GIVEN DATA:
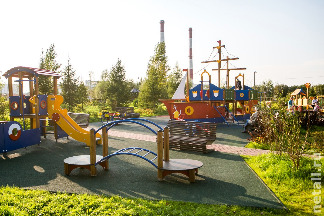
                    70 скамеек и беседки          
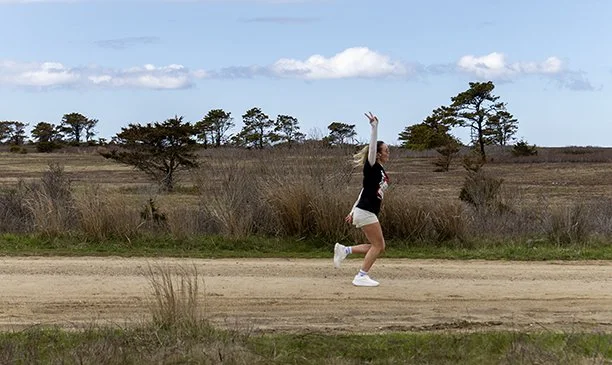 Sandy strides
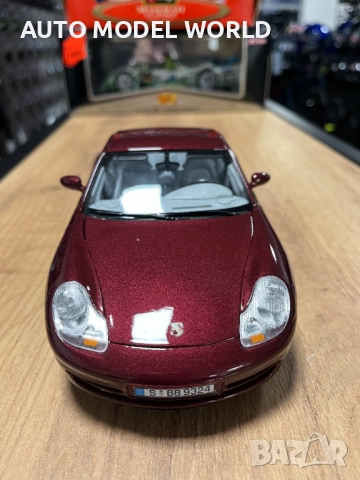 BBURAGO метален колекционерски модел PORSCHE CARRERA 911 1999г. 1:18, снимка 2 - Колекции - 52795103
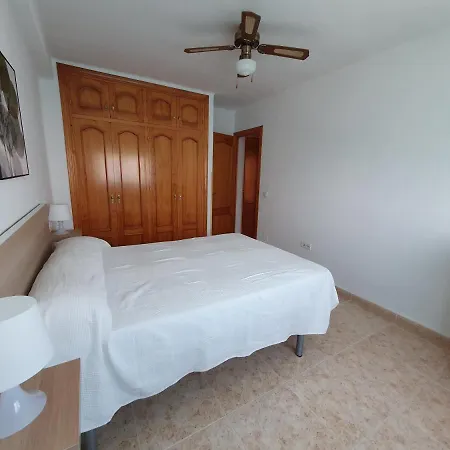 1ºa Escobar شقة *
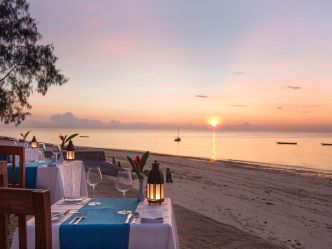 DoubleTree by Hilton Resort, Nungwi - Abendessen am Strand DoubleTree by Hilton Resort, Nungwi - Abendessen am Strand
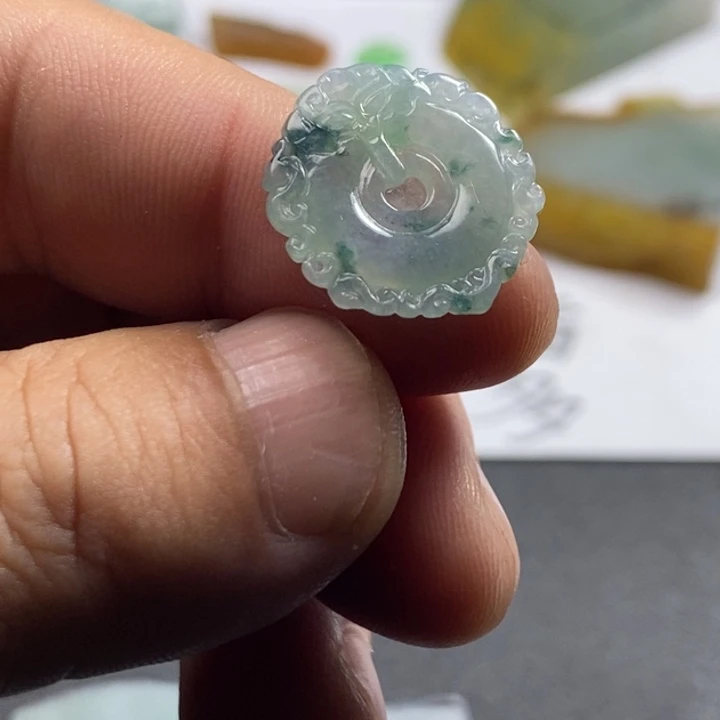 定制翡翠未镶嵌包工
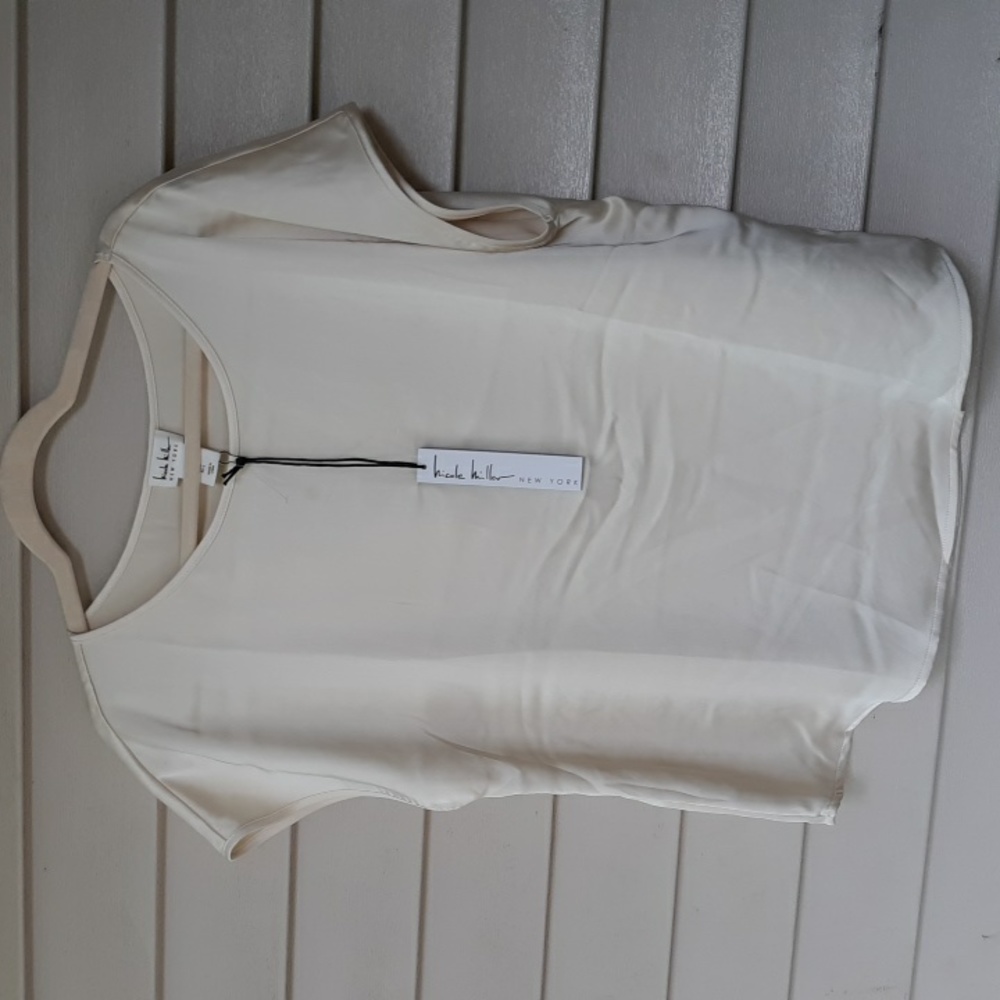 NWT Nicole Miller top silky satin cream size L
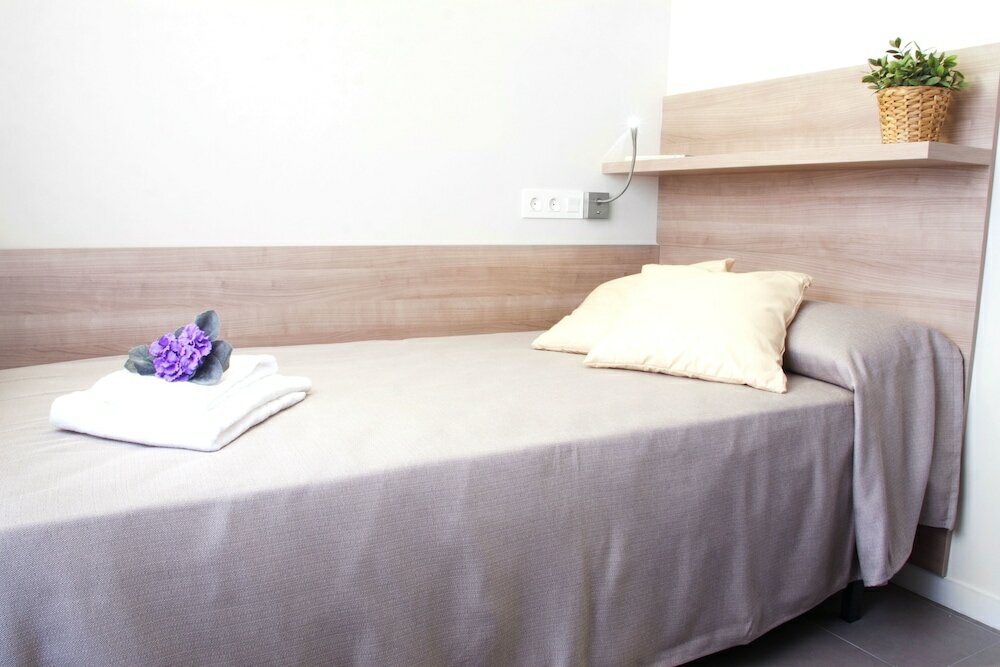 Фото Colegio Mayor La Concepción - Campus Accommodation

EXERCISE REQUIREMENTS: Down to the last line, print the material exactly, but not its pictures.

PROBLEM SOLUTION:
                    70 скамеек и беседки          
 Sandy strides
 BBURAGO метален колекционерски модел PORSCHE CARRERA 911 1999г. 1:18, снимка 2 - Колекции - 52795103
 1ºa Escobar شقة *
 DoubleTree by Hilton Resort, Nungwi - Abendessen am Strand DoubleTree by Hilton Resort, Nungwi - Abendessen am Strand
 定制翡翠未镶嵌包工
 NWT Nicole Miller top silky satin cream size L
 Фото Colegio Mayor La Concepción - Campus Accommodation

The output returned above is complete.